Di Bleecker & MacDougal trovo fantastico tutto, in primis la copertina che immortala il songwriter nel cuore della New York del ‘65 che ho sempre sognato. Le note originali di Skip Weshner tratteggiano l’autore all’incrocio delle strade che delimitano la rivoluzione folk urbana. Eppure, guardando attentamente, lo vedo sul punto di uscire dall’inquadratura per spingersi nell’ignoto. Privo di batteria ma dal piglio esecutivo innegabilmente rock, ospita i confermati John Sebastian e Felix Pappalardi più il chitarrista Pete Childs in blues dell’anima (il brano omonimo, Blues On The Ceiling, Travelin’ Shoes) e melodie inestimabili come il classico più volte ripreso Other Side Of This Life e una Little Bit Of Rain dove conversano borbottii e aeree lamine. Fred andrà comunque oltre.

fred neil

Atteso il terzo passo per accasarsi alla Capitol, si riassume nell’omonimia e in una diversa cadenza del vivere. Va a stare con la dolce metà Linda a Coconut Grove – Florida: casa è casa – e nel ’66 congiunge l’embrione di Buckley Sr. con un Johnny Cash già ruga colata nella Storia. In Fred Neil lo spazio tra dodici battute acustiche e folk acidulo è percorso su tamburi d’ovatta, elettricità in scorze jazz, plettri scompigliati dall’unicità. Un brano lo avete ascoltato tutti ed è Everybody’s Talkin’, successone di Harry Nilsson entro un biennio grazie al film “Un Uomo Da Marciapiede”.

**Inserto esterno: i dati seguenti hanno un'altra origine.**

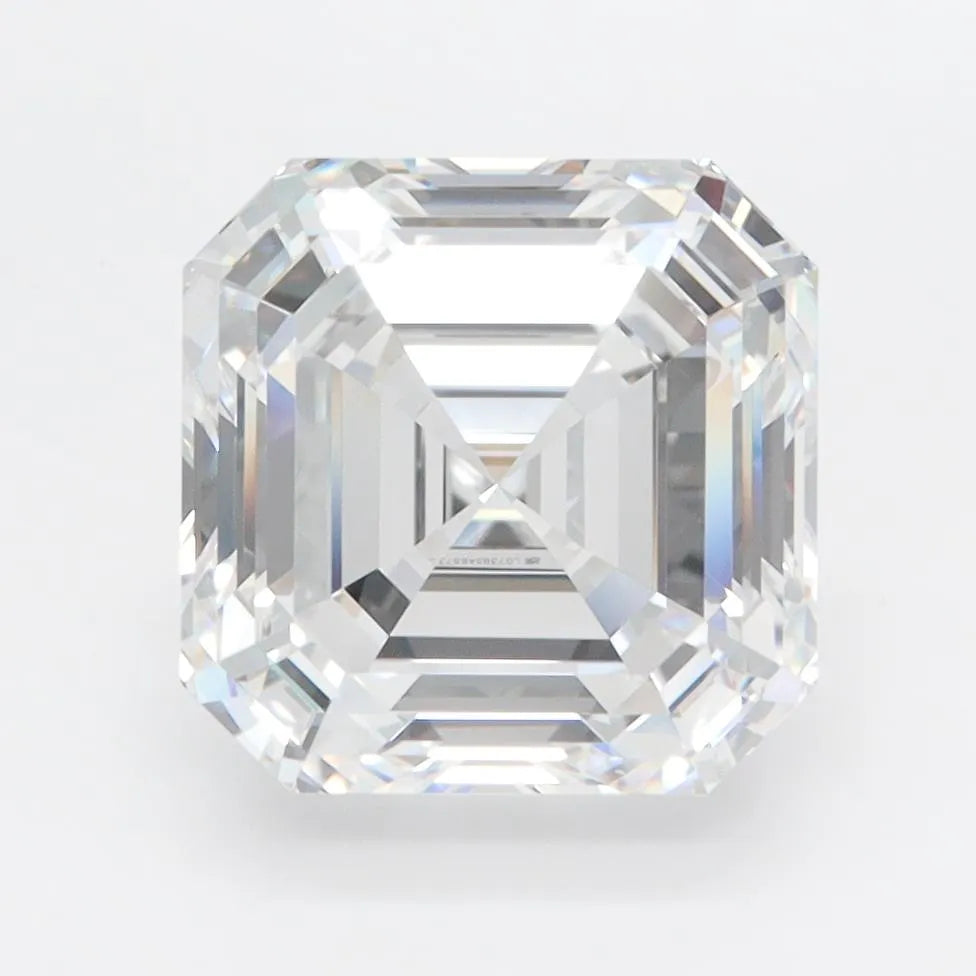 4.04ct Asscher Lab Grown Diamond (Colour D, Clarity VVS1, IGI Certified)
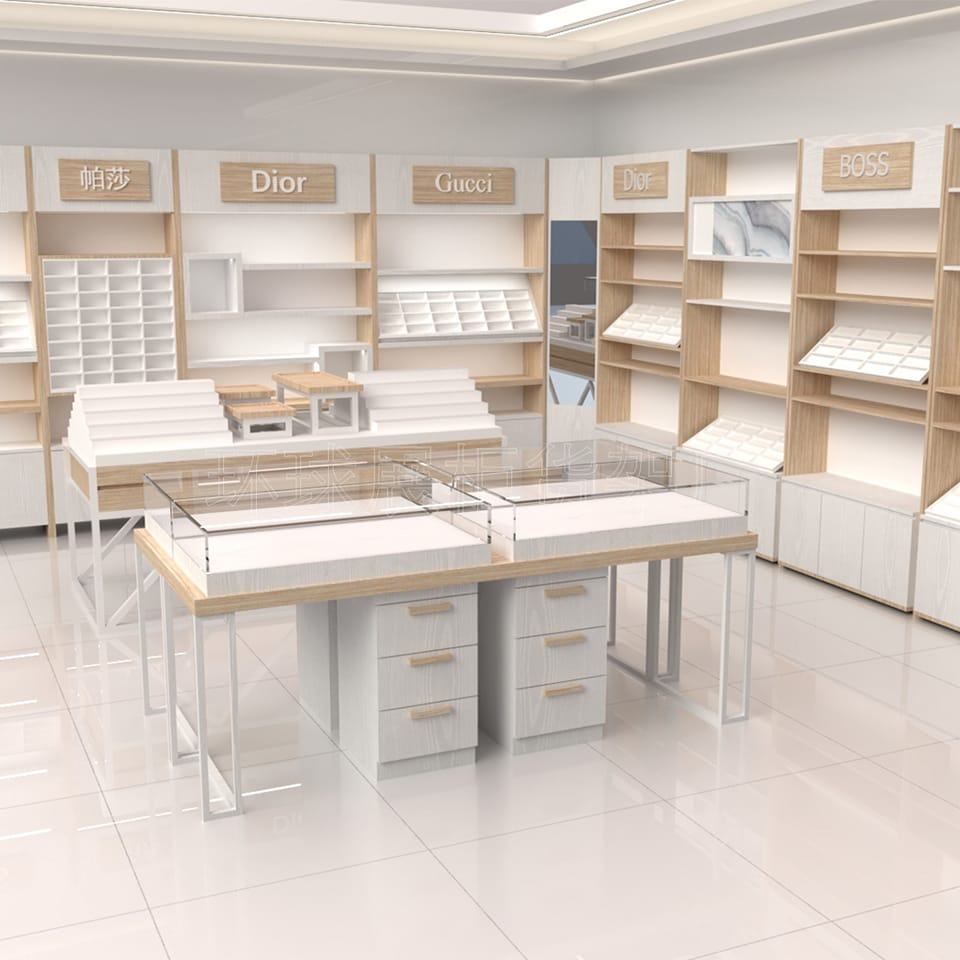 Customized store display fixtures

Affidatevi alla scarna meditazione originale e a The Dolphins, sublime e liquida ode in sconsolati filamenti; a I’ve Got A Secret, dove Elizabeth Cotten attraversa campagne appena inurbate; a una That’s The Bag I’m In che è vangelo travasato in Mark Lanegan. Faretheewell (Fred’s Tune) sbuca tra quinte di contrabbasso e chitarra mentre Everything Happens swinga virile e – dietro il brio per nulla narcotico di Sweet CocaineBa-De-Da dipinge un Sudamerica della mente. Infine, la stralunata Green Rocky Road introduce all’etnodelico vortice Cynicrustpetefredjohn Raga. Meraviglia che consegna l’artista agli annali mentre l’essere umano svanisce in punta di piedi su un’isola che non c’è.

fred

Nel 1968 Sessions espande durata e atmosfere in laconiche sospensioni jam a briglia salda, profumi di raga e spettrali, immani anticipi di Lorca come Merry Go Round e Look Over Yonder.  Quando Everybody’s Talkin’ ha fruttato denaro bastante, Neil si ritira da imbattuto Campione e con l’amico Ric O’Barry fonda il Dolphin Research Project, associazione ambientalista dedita alla salvaguardia dei mammiferi acquatici. Mi piace pensare che così volesse salvare i delfini dalla crudeltà di “Sea World” e se medesimo dalla follia di uno showbiz non granché diverso.

Declinati inviti allo show di Johnny Cash e a un tour con Harry Belafonte, nel ’71 Other Side Of This Life raccoglie versioni live o alternative di pagine conosciute e qualche inedito. Poi basta. Il buen retiro sarà spezzato a Montreux nel ’75 insieme a Childs, Sebastian e Harvey Brooks; ventiquattro mesi più tardi per un benefit in Giappone accanto a Jackson Browne e Richie Havens; nel 1981 con Buzz Linhart, in un pub cittadino. Immagino Frederick quieto e felice tra le mura di casa finché un brutto male lo porta via nel luglio 2001, talento sublime con di fronte a sé spalancata l’eternità per cantare ai delfini.